[Image-text web data]

-*-*-

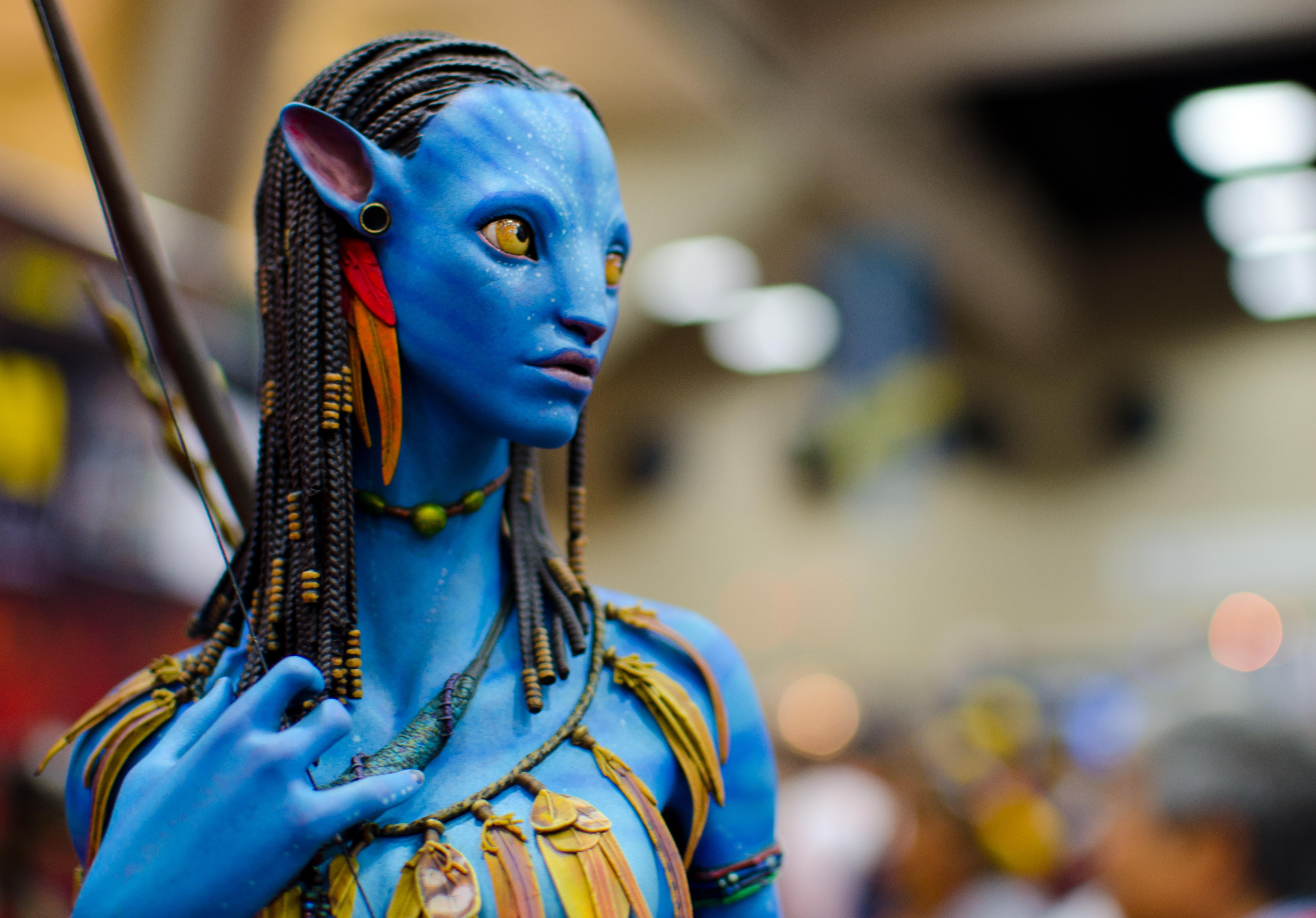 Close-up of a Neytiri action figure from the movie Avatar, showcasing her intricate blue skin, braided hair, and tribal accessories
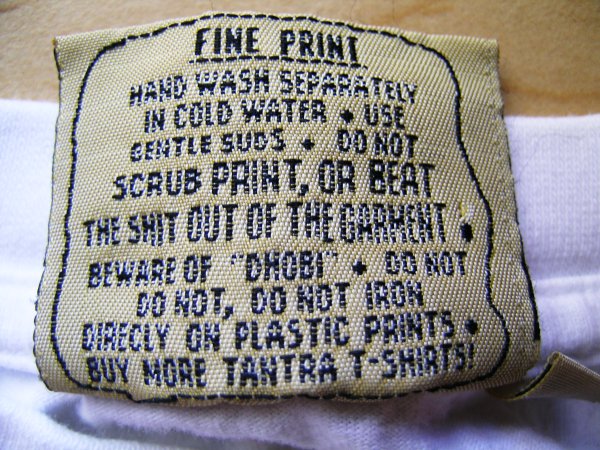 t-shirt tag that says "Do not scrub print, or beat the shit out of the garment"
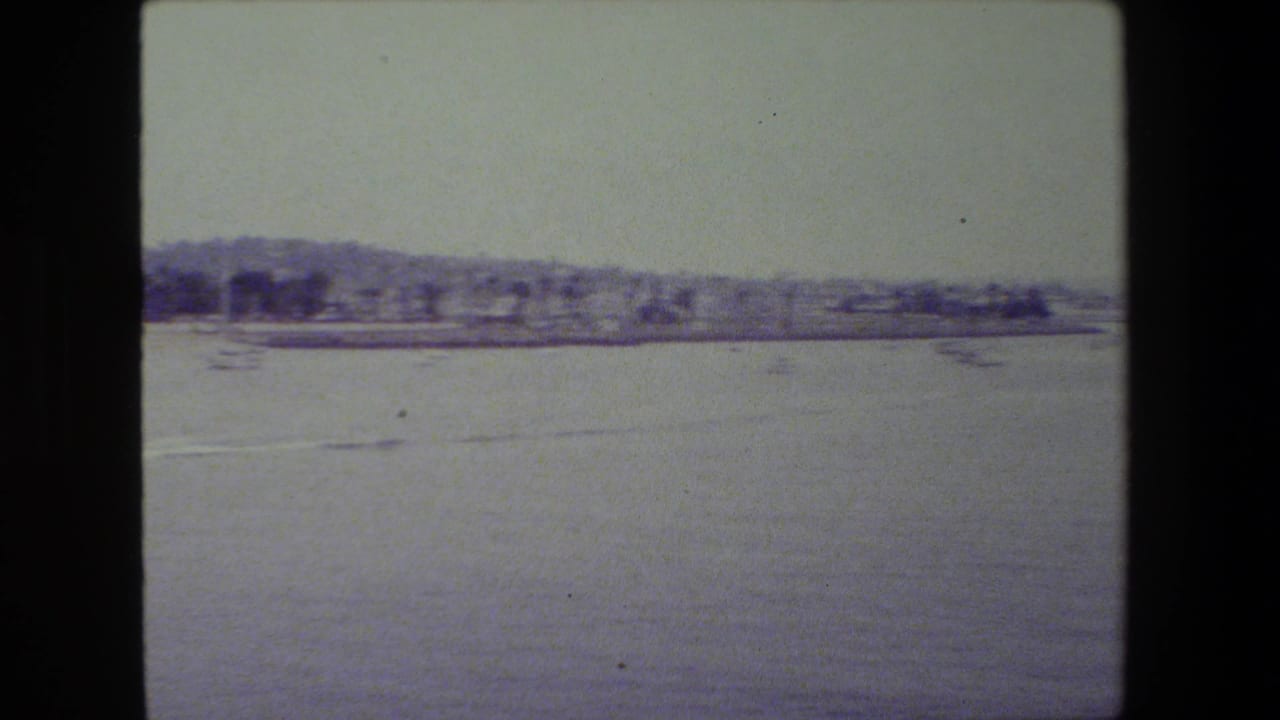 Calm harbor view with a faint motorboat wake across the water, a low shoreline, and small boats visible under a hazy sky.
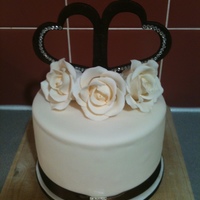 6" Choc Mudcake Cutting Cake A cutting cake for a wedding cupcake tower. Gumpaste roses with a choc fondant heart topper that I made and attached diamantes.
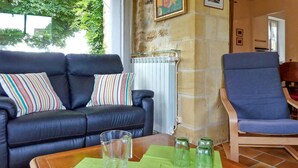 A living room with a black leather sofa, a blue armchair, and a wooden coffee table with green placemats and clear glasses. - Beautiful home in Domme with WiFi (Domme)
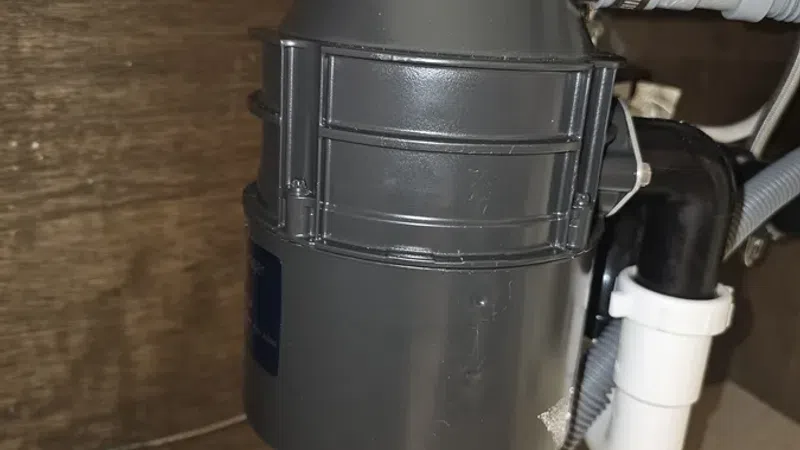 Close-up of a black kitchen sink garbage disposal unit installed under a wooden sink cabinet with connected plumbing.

-*-*-

**WHAT THE TASK REQUIRES**. With the pictures excluded, the line containing "A living room" and every line after it through the end of the data above are to be transcribed exactly, and nothing more.

**TASK RESPONSE**.
 A living room with a black leather sofa, a blue armchair, and a wooden coffee table with green placemats and clear glasses. - Beautiful home in Domme with WiFi (Domme)
 Close-up of a black kitchen sink garbage disposal unit installed under a wooden sink cabinet with connected plumbing.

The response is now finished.